Wednesday, December 24, 2014

52 Things: Number 12: What is the elliptic curve group law?

This is the latest in a series of blog posts to address the list of '52 Things Every PhD Student Should Know' to do Cryptography: a set of questions compiled to give PhD candidates a sense of what they should know by the end of their first year. We continue the Mathematical Background section by introducing the Elliptic Curve Group Law...

The Elliptic Curve group law is a method by which a binary operation is defined on the set of rational points of an elliptic curve to form a group. Now, lets go through what that actually means, and what it's used for. Thanks to Dr Dan Page for providing the group law diagram.

An Elliptic Curve and its rational points

An Elliptic Curve is a cubic equation in two variables over some mathematical field. They can be written in various forms, but over most fields 1 can be written in short Weierstrass form:
$$E : y^2 = x^3 + ax + b $$
For now we will assume that we are working in the field of real numbers, and ignore any complications that come from using finite fields. With some simple requirements on $a,b$ (specifically, that $27b^2\neq -4a^3$) this is an elliptic curve.

The set of points that will be elements of our group are going to be the rational points of the elliptic curve. This is simply the collection of points $(x,y)$ that satisfy the curve equation where both $x,y$ are rational. So, that's the set of $(x,y)\in \mathbb{Q}$ where $y^2=x^3+x+b$.  For reasons that will become clear, we also include a point at infinity 2.

Adding a Group Law to an elliptic curve

The simplest way to describe the relation we're going to add to the set of rational points is with a diagram:

Elliptic Curve (blue) with two points (P,Q) and their sum (P+Q) plotted, along with construction lines (red)
So, to add together $P$ and $Q$, we draw a line through $P$ and $Q$, and make $T=(T_x,T_y)$ the third point this line intersects the curve. Then, $P+Q=(T_x,-T_y)$. To add a point to itself, we take the tangent at that point. Now, the surprising fact is that this operation defines a group, with the point at infinity the neutral element.
Most of the requirements of being a group are easy to see geometrically3. For example, it is easy to find the inverse of an element. In the diagram above $(P+Q)+T=0$, because the line from $T$ to $(P+Q)$ has it's third intersection at infinity, and so $(P+Q)=-T$. In fact, for any elliptic curve in short Weierstrass form, to negate a point we simply change the sign of it's y-coordinate.

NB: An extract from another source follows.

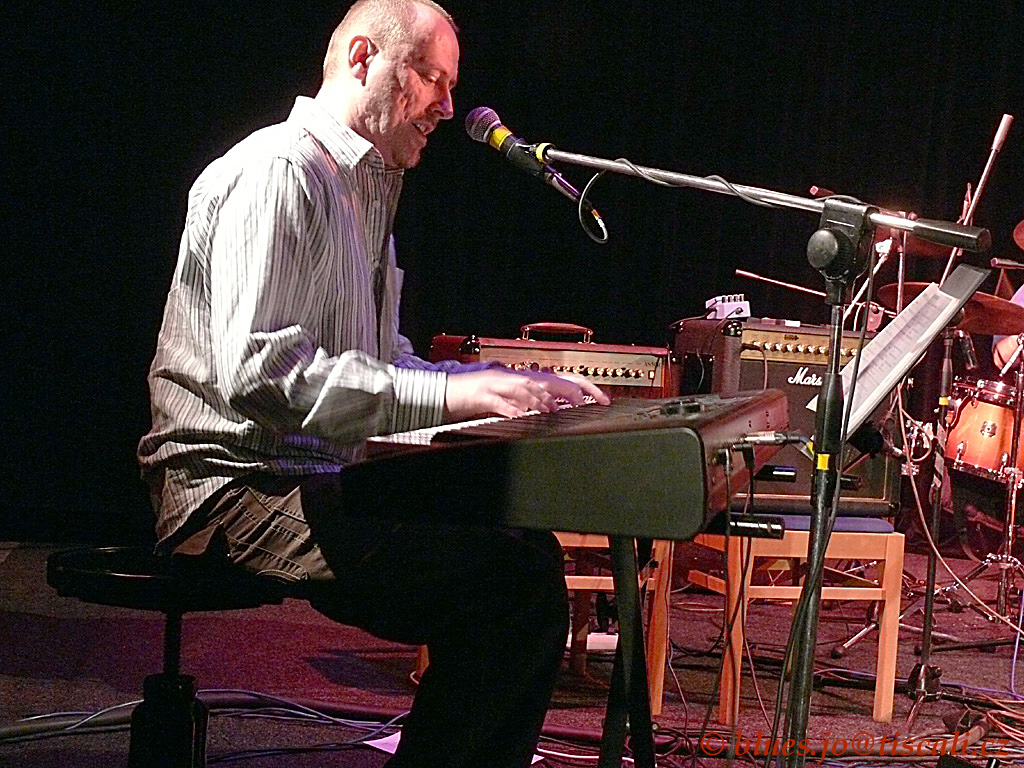 P1000850a.jpg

Is that all there is to it?

Pretty much yes. The same method holds to over finite fields, although in this case it tends to be simpler to think of the group's operation as being an algebraic construct rather than geometrical, since Elliptic Curves over finite fields do not have such an intuitive structure.  Also, we don't need to view curves in short Weierstrass form, since there are many different coordinate schemes and equations that represent the same curve. Indeed, some choices of curve and coordinate system assist us in doing certain types of computation.

What's that got to do with Cryptography?

It turns out that over certain finite fields the Elliptic Curve Group has several nice properties for cryptographers. There are a surprisingly large number of curve and field pairs where it's not too costly to do group computations4, but for which the various discrete log or DH problems (see last week's blog) are hard. Moreover, compared to using large multiplicative groups (eg RSA groups) the variables computed with are much smaller. Putting all these together, elliptic curves allow cryptographers to efficiently calculate ciphertexts that are much smaller than those created by alternative means without reducing security.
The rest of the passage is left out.